Count how many lines of the data below contain the string "Studio"; the reply should be that number alone.

== INPUT RECORDS ==
○ ○ ○

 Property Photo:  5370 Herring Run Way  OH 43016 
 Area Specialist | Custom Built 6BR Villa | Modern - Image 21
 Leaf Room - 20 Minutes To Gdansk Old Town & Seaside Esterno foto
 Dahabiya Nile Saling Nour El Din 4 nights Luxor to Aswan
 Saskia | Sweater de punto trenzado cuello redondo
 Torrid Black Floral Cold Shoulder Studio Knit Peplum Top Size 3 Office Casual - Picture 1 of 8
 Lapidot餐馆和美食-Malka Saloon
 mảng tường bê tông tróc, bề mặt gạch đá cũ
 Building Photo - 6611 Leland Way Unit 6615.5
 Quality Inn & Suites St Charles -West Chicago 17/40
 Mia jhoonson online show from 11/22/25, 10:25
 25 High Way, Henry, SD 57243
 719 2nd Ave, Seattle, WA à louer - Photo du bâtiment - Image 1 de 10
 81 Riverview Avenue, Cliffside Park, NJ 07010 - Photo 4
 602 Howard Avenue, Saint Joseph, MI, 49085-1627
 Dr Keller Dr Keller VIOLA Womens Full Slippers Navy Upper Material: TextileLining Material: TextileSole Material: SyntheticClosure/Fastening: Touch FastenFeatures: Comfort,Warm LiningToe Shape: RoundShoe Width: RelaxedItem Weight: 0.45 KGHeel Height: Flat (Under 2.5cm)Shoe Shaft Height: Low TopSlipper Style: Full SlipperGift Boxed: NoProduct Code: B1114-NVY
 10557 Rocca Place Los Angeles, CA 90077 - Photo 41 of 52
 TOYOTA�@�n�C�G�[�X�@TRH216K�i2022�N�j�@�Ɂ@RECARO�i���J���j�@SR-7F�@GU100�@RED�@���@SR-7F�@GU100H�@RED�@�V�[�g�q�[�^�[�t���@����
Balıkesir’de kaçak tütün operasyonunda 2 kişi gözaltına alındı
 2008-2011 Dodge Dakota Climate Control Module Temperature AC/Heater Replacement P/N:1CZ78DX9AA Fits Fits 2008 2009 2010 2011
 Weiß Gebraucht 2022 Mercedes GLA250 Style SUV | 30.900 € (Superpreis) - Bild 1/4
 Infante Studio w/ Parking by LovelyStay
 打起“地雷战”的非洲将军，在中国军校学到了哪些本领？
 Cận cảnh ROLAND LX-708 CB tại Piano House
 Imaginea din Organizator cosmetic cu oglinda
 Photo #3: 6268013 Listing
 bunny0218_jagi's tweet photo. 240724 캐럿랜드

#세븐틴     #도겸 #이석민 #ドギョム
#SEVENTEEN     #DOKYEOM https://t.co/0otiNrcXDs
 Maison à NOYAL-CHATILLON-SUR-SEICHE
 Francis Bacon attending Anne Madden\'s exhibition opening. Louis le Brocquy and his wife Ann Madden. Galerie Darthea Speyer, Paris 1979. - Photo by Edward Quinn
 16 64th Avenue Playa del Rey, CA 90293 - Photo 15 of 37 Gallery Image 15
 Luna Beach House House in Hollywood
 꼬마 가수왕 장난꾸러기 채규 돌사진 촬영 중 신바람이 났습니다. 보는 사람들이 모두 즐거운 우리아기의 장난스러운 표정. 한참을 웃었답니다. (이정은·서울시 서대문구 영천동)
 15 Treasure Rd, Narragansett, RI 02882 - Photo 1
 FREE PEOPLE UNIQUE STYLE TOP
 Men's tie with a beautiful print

○ ○ ○

== ANSWER SECTION ==
2